### Exercise prompt
In the material below, find the span from the line with "My last tip" to the line with "Hey guys, welcome" and transcribe only those lines, exactly, ends included, without the pictures.
_ _ _ _
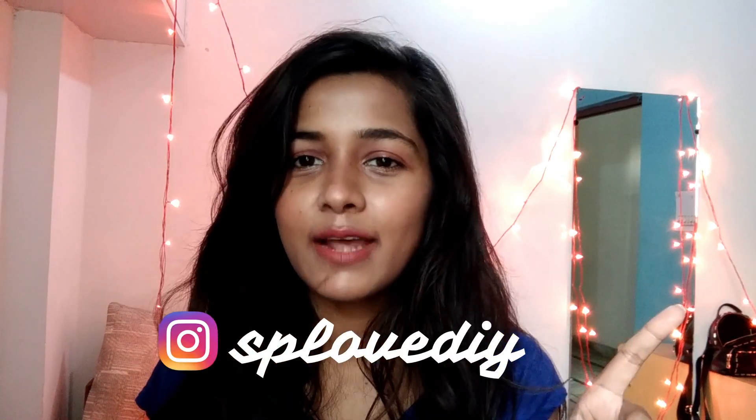Thank you for watching, guys! I hope you enjoyed this video. Don't forget to subscribe to my channel and follow me on Instagram — my handle is in the description. Bye!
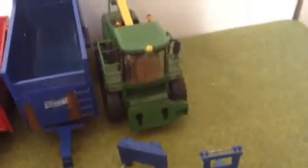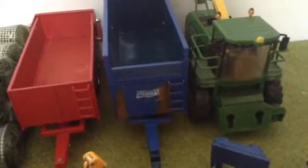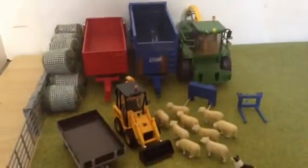a John Deere forage harvester which I need to get a header for but I'll be getting that soon hopefully, a Conversion which is a Stuart size trailer used to be Markston, Markston green trailer, and 10 of these bales. So thank you guys for watching, bye.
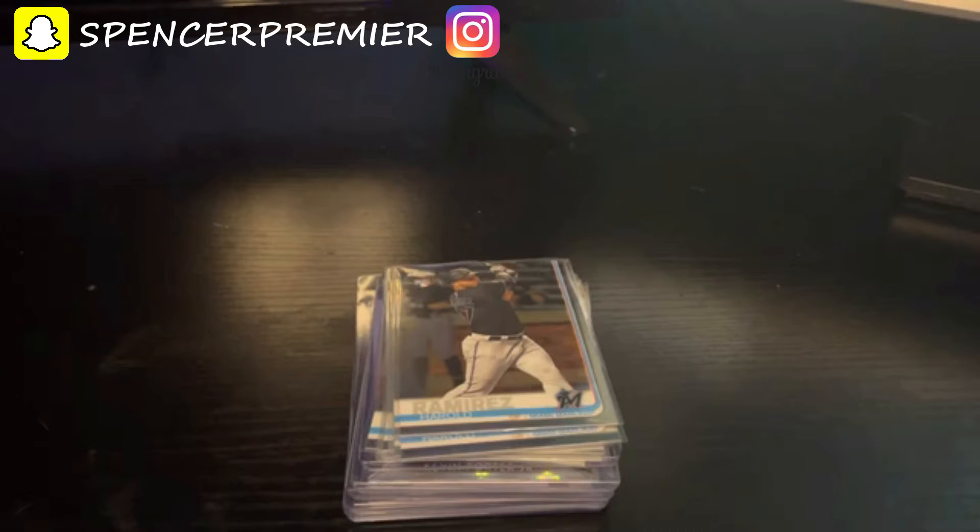Yo, what's going on guys, Spencer Vermeer here back with another video. I know this is a different type of video, but today I'm going to be showing you guys what NFL cards I bought in the offseason. Before we begin, make sure to drop a like and subscribe — it really helps me out. We are on the road to 4,000 subscribers.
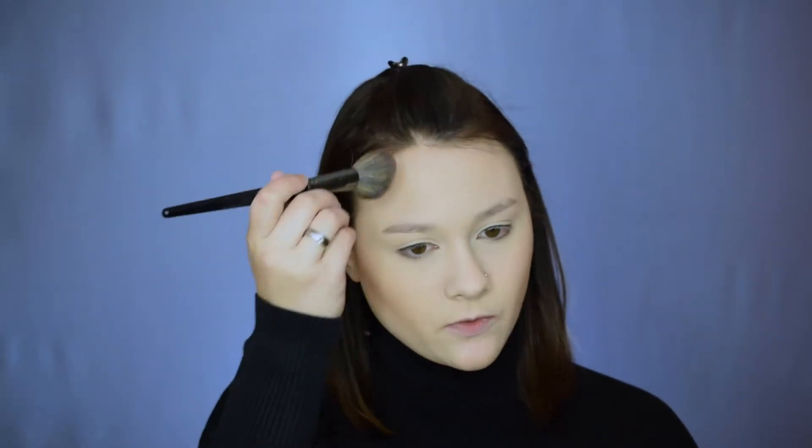For bronzer I'm using the Too Faced Chocolate Soleil bronzer on a Morphe M438 brush, applying it in the contours of my cheeks. Then with a Morphe E4 tapered fluffy brush I'm taking more of that contour onto the sides and middle of my forehead to decrease its size. I do have a full contouring and highlighting tutorial recently posted, which I'll link below if you want more detail.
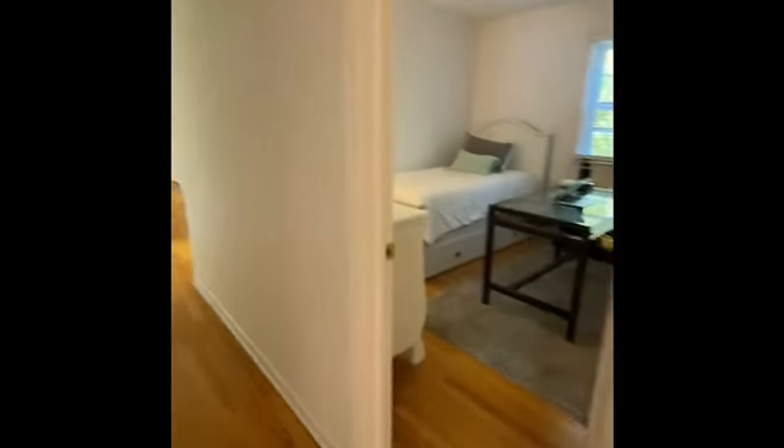This overlooks the front yard. And here we go — we'll walk back down the stairs and outside.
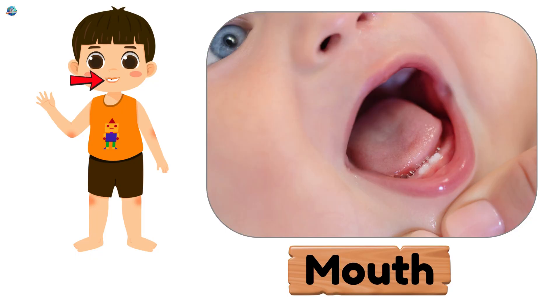Mouth. The place where you talk, smile, and taste delicious food.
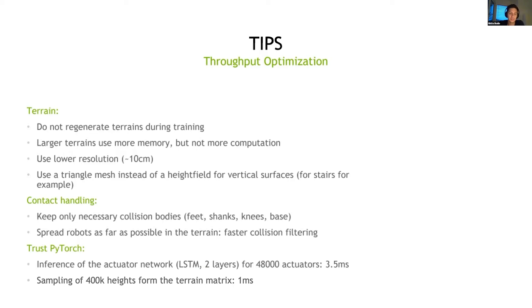My last tip is to trust the implementation of PyTorch. At first I was worried that some parts of the pipeline would be very slow, like inference of the actuator network. But actually, even with 4,000 robots and a two-layered LSTM — meaning 48,000 actuators to infer at every step — this only takes 3.5 milliseconds, which is pretty cheap compared to the rest. I was also worried that sampling heights around the robot base for all robots would be costly, but sampling more than half a million heights takes less than one millisecond, so it's basically free compared to the simulation cost.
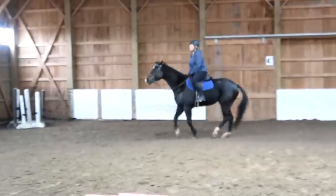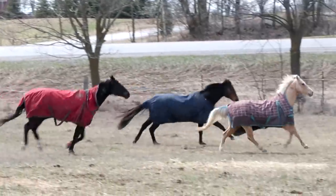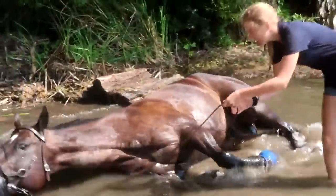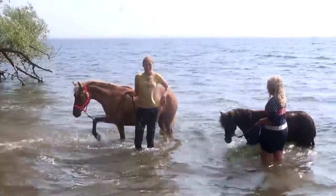Hey guys, welcome to this extra video. Today I'm going to tell you exactly how much it costs for us to keep five horses. I get this question quite often — people want to know how much money it actually costs. They say we must be rich. We are not rich. We are far from rich. I was actually a little curious myself; I did not know how much it actually cost us to keep our horses.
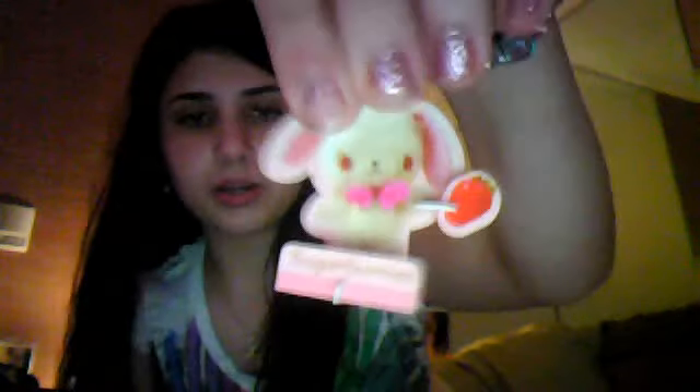This puzzle thing came on the outside of the bag — it was like taped to the bag and you had to put it together. I put it together and it was like a sugar bunny thing. I don't know, it was just some random thing. She's holding a strawberry.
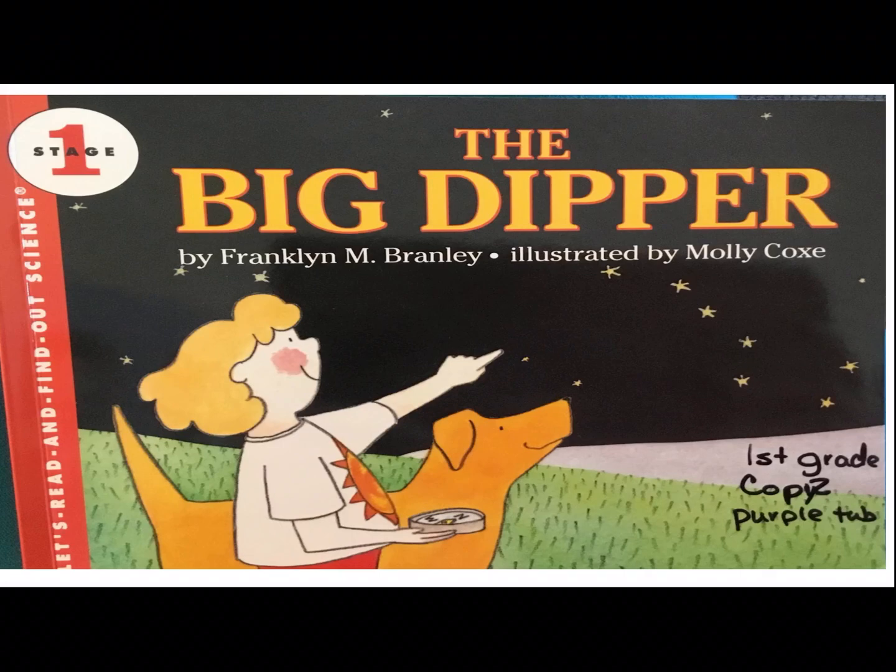We're going to continue learning about space. Today we're going to learn all about constellations. I have some fun videos for you to watch and a really fun constellation game for you to play if you'd like. Those are just extra for fun if you want to. So today we're going to start by reading The Big Dipper.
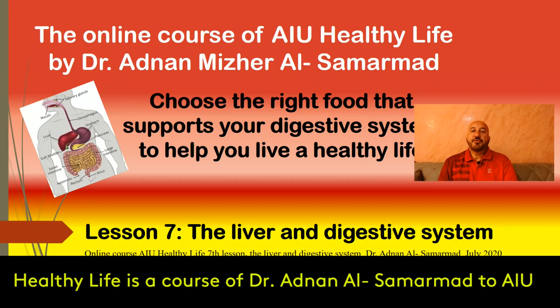Choose the right food that supports your digestive system to help you live a healthy life. Hi everyone, I am Adnan Mizaris-Sumarmat. I would like to present the online course of Atlantic International University about healthy life. In this lesson 7, I would like to present the digestive system and the liver.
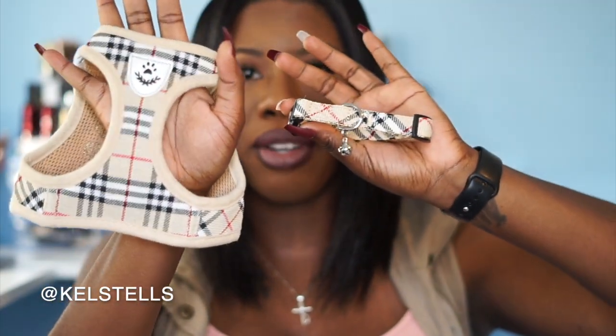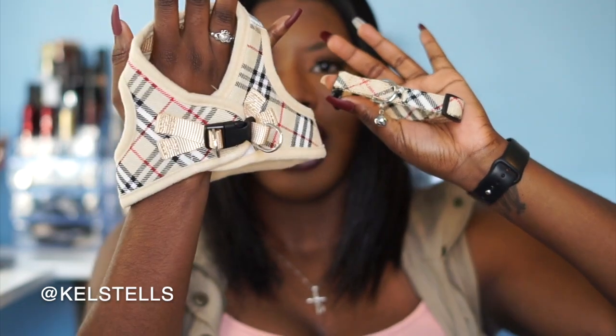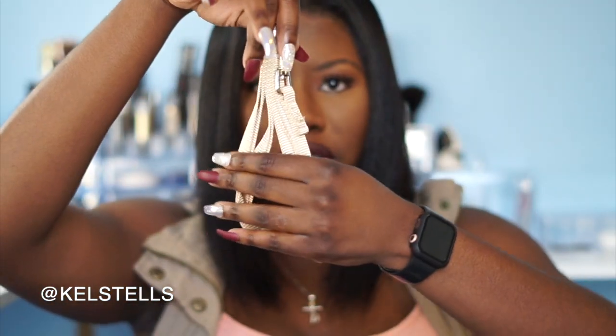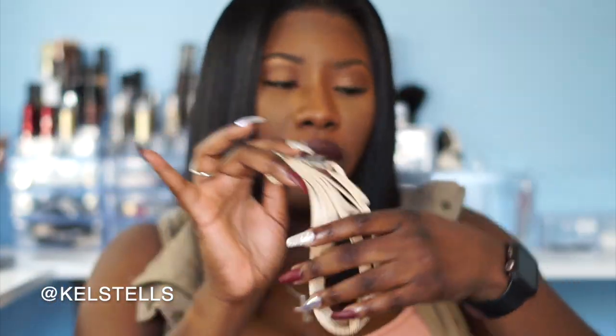I bought this harness set with a matching collar — it looks like Burberry. He probably won't be able to wear this as a puppy, but when he gets older this will be his standard collar and harness for walks. These are the things I'll put on him. I got this really cute set for $12 from Amazon and it also came with a matching leash.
_ _ _ _
### Response for this exercise
My last tip is to trust the implementation of PyTorch. At first I was worried that some parts of the pipeline would be very slow, like inference of the actuator network. But actually, even with 4,000 robots and a two-layered LSTM — meaning 48,000 actuators to infer at every step — this only takes 3.5 milliseconds, which is pretty cheap compared to the rest. I was also worried that sampling heights around the robot base for all robots would be costly, but sampling more than half a million heights takes less than one millisecond, so it's basically free compared to the simulation cost.
Hey guys, welcome to this extra video. Today I'm going to tell you exactly how much it costs for us to keep five horses. I get this question quite often — people want to know how much money it actually costs. They say we must be rich. We are not rich. We are far from rich. I was actually a little curious myself; I did not know how much it actually cost us to keep our horses.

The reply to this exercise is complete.